14 Des morgens nu geschiedde’t, dat David eenen brief schreef aen Ioab: ende hy sondt [dien] door de hant van Uria.
15 Ende hy schreef in dien brief, seggende: Stellet Uria voor aen tegen over den stercksten strijt, ende keeret van achter hem af, op dat hy geslagen worde ende sterve.
16 So geschiedde’t, als Ioab op de stadt gelet hadde, dat hy Uria stelde aen de plaetse, waer van hy wiste, dat aldaer strijtbare mannen waren.
17 Als nu de mannen der stadt uyttogen, ende met Ioab streden, vielender van den volcke, van Davids knechten: Ende Uria de Hethiter sterf oock.
18 Doe sondt Ioab henen, ende liet David den gantschen handel deses strijts weten .
19 Ende hy beval den bode, seggende: Als ghy sult ge-eyndicht hebben den gantschen handel deses strijts tot den Coninck uyt te spreken;
20 Ende ’t sal geschieden, indien de grimmicheyt des Conincks opkomt, ende hy tot u seyt; Waerom zijt ghy soo nae aende stadt gekomen om te strijden? wistet ghy niet, dat sy van den muer souden schieten ?
21 Wie sloech Abimelech, den sone Ierubbeseths? wierp niet eene vrouwe een stuck van eenen meulen-steen op hem van den muer, dat hy te Thebez sterf? waerom zijt ghy tot den muer genadert? Dan sult ghy seggen; Uwe knecht, Uria de Hethiter, is oock doot.

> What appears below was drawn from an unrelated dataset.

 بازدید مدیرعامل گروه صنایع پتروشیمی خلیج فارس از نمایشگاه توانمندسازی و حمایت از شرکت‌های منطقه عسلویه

22 Ende de bode ginck henen, ende quam in, ende gaf David te kennen alles, daer hem Ioab om uytgesonden hadde.
23 Ende de bode seyde tot David; Die mannen zijn ons seker te machtich geweest, ende zijn tot ons uyt getogen in ’t velt: maer wy zijn tegen hen aen geweest tot aen de deure der poorte.

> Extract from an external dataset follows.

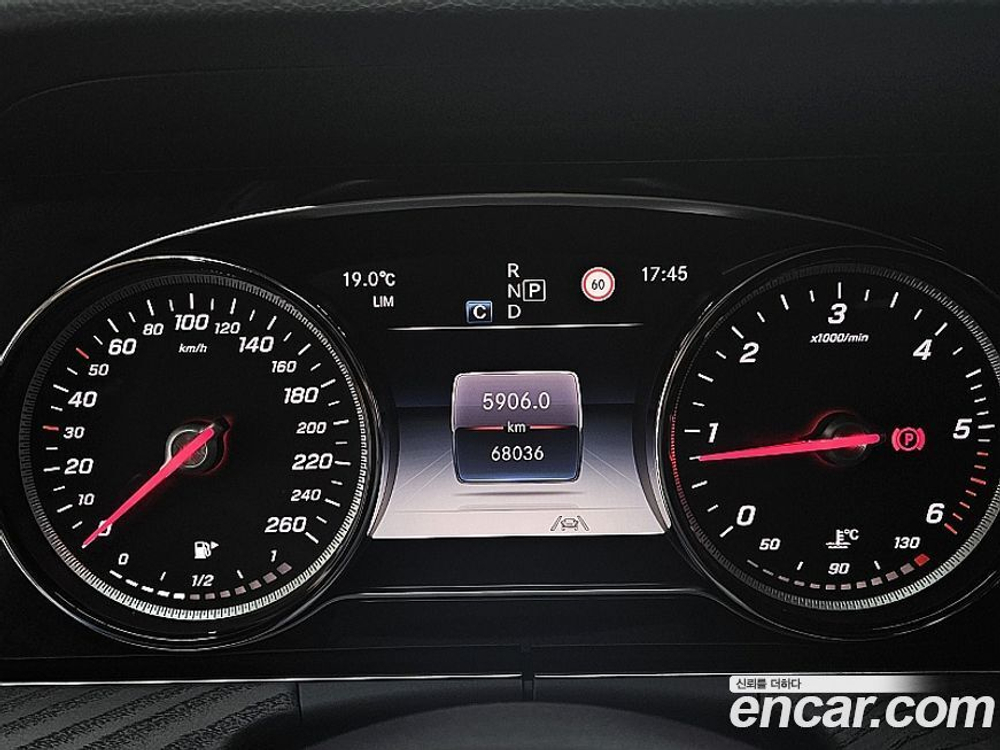 Mercedes-Benz E-Class W213 E220d Avangarde (07.2020)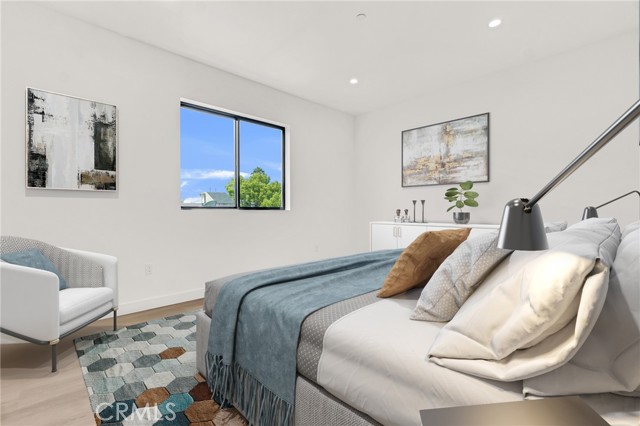 848 N. Hayworth, West Hollywood CA: https://media.crmls.org/medias/968a7be1-2306-4c0d-8d12-250f2fed89b4.jpg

24 Doe schoten de schutters van den muer af op uwe knechten, datter van des Conincx knechten doot gebleven zijn: ende uwe knecht, Uria de Hethiter, is ooc doot.

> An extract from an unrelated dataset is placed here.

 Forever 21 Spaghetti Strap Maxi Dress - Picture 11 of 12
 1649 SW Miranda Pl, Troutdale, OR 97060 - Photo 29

25 Doe seyde David tot den bode, Soo sult ghy tot Ioab seggen; Laet dese sake niet quaet zijn in uwe oogen, want het sweert verteert soo wel desen als genen: versterckt uwen strijt tegen de stadt, ende verstoortse: versterckt hem also.
26 Als nu de huysvrouwe van Uria hoorde, dat haer man Uria doot was, so droech sy leet over haren heere.
27 Ende als de rouwe was overgegaen, sondt David henen, ende namse in sijn huys, ende sy wert hem ter vrouwe, ende baerde hem eenen sone: Doch dese sake, die David gedaen hadde, was quaet in de oogen des HEEREN.